- **Supplied records**:
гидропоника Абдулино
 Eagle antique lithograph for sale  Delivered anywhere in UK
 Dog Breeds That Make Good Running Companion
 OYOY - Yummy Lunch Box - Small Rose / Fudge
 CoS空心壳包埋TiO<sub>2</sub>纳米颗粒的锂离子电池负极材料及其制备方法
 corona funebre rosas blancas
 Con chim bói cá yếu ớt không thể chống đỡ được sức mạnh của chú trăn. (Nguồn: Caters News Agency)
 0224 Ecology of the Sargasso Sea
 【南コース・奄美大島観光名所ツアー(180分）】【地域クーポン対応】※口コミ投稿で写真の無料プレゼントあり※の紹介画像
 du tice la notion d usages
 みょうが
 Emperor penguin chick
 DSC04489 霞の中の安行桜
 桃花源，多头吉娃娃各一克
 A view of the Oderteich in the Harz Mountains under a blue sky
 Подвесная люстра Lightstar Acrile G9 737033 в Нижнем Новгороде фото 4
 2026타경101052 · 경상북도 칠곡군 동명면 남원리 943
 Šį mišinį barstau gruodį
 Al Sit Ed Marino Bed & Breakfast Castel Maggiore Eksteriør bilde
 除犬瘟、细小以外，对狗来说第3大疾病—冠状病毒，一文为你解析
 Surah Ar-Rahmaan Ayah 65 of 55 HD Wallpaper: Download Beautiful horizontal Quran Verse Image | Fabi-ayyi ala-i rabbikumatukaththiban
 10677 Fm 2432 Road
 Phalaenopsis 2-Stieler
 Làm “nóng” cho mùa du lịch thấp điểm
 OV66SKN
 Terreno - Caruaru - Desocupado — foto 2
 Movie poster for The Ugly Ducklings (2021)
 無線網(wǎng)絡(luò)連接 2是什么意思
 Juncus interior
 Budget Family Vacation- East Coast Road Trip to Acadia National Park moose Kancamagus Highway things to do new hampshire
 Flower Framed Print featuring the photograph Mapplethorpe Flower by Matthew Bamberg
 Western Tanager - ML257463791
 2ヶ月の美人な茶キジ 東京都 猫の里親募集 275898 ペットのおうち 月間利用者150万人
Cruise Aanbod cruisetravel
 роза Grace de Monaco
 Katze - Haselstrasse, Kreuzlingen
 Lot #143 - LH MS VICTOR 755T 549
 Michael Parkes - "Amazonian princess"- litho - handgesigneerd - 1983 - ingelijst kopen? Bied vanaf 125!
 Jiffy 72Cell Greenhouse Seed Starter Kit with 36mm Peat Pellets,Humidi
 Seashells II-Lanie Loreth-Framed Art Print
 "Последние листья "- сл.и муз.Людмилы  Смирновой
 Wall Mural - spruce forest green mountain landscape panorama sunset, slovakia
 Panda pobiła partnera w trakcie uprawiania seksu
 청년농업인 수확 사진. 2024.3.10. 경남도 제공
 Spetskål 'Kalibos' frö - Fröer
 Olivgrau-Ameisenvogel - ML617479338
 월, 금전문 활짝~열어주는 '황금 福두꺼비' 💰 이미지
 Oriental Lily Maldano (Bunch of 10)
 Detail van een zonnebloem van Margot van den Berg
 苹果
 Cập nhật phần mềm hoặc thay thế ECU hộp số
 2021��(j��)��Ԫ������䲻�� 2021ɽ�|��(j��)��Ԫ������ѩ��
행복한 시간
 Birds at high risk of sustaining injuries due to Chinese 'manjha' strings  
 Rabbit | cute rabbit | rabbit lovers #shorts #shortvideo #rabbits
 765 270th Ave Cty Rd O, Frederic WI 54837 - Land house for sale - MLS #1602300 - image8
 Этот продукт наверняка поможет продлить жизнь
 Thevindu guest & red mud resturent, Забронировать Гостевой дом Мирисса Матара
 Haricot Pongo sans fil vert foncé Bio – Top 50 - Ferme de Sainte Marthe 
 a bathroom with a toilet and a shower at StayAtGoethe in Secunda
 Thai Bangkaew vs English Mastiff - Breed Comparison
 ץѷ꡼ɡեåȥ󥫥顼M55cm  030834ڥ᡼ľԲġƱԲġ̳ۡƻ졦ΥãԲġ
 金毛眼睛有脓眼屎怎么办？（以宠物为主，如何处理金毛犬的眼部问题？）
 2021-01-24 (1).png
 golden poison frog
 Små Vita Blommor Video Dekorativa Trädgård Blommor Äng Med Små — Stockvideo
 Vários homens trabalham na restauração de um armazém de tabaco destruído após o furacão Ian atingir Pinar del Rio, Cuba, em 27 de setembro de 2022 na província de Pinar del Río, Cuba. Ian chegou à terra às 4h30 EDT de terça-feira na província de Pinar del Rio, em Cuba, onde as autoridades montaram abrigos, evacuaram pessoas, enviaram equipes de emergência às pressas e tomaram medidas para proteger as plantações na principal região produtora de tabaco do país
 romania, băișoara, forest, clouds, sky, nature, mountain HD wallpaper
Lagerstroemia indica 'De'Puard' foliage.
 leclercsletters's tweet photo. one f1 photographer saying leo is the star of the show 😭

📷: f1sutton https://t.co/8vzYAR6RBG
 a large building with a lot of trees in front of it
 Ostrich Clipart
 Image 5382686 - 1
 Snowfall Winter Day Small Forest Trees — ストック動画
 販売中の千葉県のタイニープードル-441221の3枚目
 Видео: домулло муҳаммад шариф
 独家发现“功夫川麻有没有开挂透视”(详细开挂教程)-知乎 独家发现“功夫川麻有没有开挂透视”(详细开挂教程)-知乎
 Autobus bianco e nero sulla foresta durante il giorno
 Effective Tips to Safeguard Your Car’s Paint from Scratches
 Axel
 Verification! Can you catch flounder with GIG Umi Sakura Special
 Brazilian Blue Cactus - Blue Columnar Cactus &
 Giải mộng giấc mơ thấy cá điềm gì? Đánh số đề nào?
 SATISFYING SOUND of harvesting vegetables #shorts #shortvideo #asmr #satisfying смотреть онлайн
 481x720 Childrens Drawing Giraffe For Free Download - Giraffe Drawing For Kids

- **Problem statement**: Each line in the listing above that includes "sale" is to be copied.

- **Task output**:
 Eagle antique lithograph for sale  Delivered anywhere in UK
 765 270th Ave Cty Rd O, Frederic WI 54837 - Land house for sale - MLS #1602300 - image8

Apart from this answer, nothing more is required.